• [DIRECTIONS] Output should begin at the line holding "2016 AUDI A4 2.0T PROGRESSIV PLUS" and end at the last line of the entries; print those lines verbatim and no others.

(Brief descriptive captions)
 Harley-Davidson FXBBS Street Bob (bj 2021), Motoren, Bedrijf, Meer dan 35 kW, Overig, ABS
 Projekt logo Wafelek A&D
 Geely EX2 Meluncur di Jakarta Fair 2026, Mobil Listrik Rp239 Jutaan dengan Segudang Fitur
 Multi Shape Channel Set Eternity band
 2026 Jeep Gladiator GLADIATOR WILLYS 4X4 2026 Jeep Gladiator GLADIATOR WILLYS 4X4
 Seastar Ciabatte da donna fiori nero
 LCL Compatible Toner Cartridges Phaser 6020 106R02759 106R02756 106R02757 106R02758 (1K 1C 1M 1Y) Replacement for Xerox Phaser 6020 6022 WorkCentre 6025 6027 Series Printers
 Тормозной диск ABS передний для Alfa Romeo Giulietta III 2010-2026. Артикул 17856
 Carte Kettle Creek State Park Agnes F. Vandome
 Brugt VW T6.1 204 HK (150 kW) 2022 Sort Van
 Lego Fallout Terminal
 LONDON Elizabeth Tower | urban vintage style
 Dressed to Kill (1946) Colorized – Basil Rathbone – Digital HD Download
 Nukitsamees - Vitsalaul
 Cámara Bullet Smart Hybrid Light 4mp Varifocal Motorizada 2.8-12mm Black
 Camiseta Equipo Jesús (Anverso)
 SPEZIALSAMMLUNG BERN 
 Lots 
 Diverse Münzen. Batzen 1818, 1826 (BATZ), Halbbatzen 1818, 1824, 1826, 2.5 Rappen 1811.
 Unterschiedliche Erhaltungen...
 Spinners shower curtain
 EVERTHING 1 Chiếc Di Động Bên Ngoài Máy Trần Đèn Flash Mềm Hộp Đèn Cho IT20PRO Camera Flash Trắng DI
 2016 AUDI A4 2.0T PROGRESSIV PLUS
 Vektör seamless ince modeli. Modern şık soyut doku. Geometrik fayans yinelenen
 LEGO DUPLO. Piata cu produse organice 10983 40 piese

• [RESULT OF THIS TASK]
 2016 AUDI A4 2.0T PROGRESSIV PLUS
 Vektör seamless ince modeli. Modern şık soyut doku. Geometrik fayans yinelenen
 LEGO DUPLO. Piata cu produse organice 10983 40 piese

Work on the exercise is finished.